The dukan diet plan is so called due to it being named after the French physicist who was the original creator of this particular approach to trying to lose weight. Below is information about what is actually involved in the plan as well as details about its aims and of course whether or not it stands a chance of helping you lose weight.
The first thing you should know about this plan is that it follows the idea of limiting the amount of fat and carbohydrates that you eat during the day and both of these approaches will be familiar to anybody who has previously tried to lose weight.

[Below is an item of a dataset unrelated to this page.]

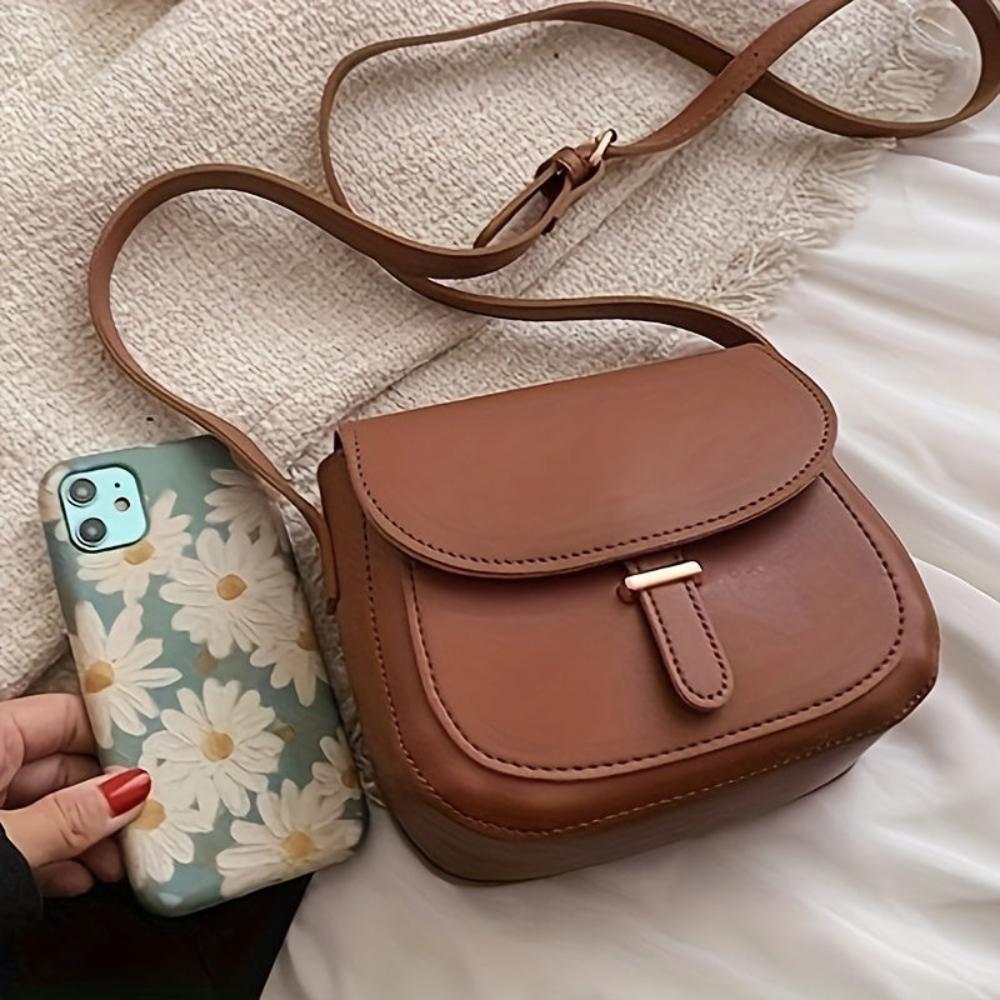 Amelia Retro Saddle Crossbody Tasche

The difference; however, with this plan is that once you have got to the weight that you have set as your target it then helps you to structure your diet to maintain that weight whilst still being healthy.
By limiting the fat you eat on a daily basis it does then mean your body will use some of the fat that has already been stored and turn that into energy. This will, in most cases, result in some weight loss and this can be quite fast at the beginning although it will slow as time progresses and become less noticeable.
The approach follows different stages and they include the attack phase, cruise phase, consolidation phase, and finally the permanent stabilization phase. Each part is designed for a specific purpose, but it is useful to know what they are prior to starting.
The attack phase is the start and with this you focus on just eating protein so you can expect eggs, lean meat, and dairy products that are fat free. This lasts for around five days before you then move on to the cruise phase.
This cruise phase is characterized by alternating between protein days and days focused on vegetables although some people will go for five days of one and then switch to the other. This phase has to be repeated until the dieter gets to what is known as their target weight at which point they switch to the third step.
At the consolidation phase some carbohydrates are introduced; however, this is in a controlled manner. The length of the consolidation phase is directly linked in to how much weight is lost and the formula employed is five days for every one pound of weight that has been lost. This is an important part as the first few months is the time when the body is most likely to put the weight back on, which is why you need to follow their guide in regard to protein only days as well as other food you can eat.
Finally you have the permanent stabilization phase and this can actually be defined as meaning for the rest of your life. By being regimental you can lower the chances of that weight coming back and then having to start it all over again.
You will have noticed that this particular diet focuses on eating a lot of protein as well as an increase in the number of vegetables and the entire plan is structured according to what you should eat on any given day. There are a number of other diets out there that do focus on protein, but it is perhaps best to quickly look at both the positives and negatives of this particular approach.
Before you start a plan, it will always be beneficial to have an idea about the positives, as well as the potential negatives so you then know what to expect. When it comes to the dukan diet plan perhaps the main thing is the fact that it does look at consolidating the weight loss over the long term. This is different from a number of other plans that focus on low fat or low carbohydrate intake as, instead, they look at losing weight in the short term and then leave people to fend for themselves.
Another real positive is that the plan stresses the idea of only getting to what could be deemed to be your true weight and not going below it. This means you get to the weight that suits your height and natural build so it is healthy and not about losing as much as possible and then becoming underweight. By being honest about how much you should expect to lose, often around 10%, it does mean the dieter will not feel cheated by the plan should they fail to lose more than what the normal body can often achieve.
The structure of the plan means that you have days where all you eat is protein so there are some worries about getting the correct nutrition on those specific days. You can of course look at making sure you get the right vitamins by taking supplements and those are allowed as part of the diet.
Another potential negative is a distinct lack of salt with a low carbs diet and this can actually mean it is harder to stick with the diet during those first couple of weeks. The reason for this is that with a diet that is low in carbohydrates there is a tendency to require more salt as the body does require it, but the plan cuts out a lot of food that has it as a big ingredient.
Does it work?
This is of course the big question with any diet and the first thing that should be said is that the dukan diet plan has undoubtedly helped a lot of people lose at least some weight. How much, or how successful it is will often come down to the individual and how willing they are to stick to the guide and not veer off due to various temptations.
You will hopefully have now picked up all of the information that you need to make up your mind as to whether or not this is the best way to lose weight for you. It is an approach that is low in fat and carbohydrates and there is sound scientific theory behind using this particular plan. There is no doubt that using the dukan diet plan has helped a large number of people since its creation so there is every chance it will help you as long as you follow the rules and regulations at all times.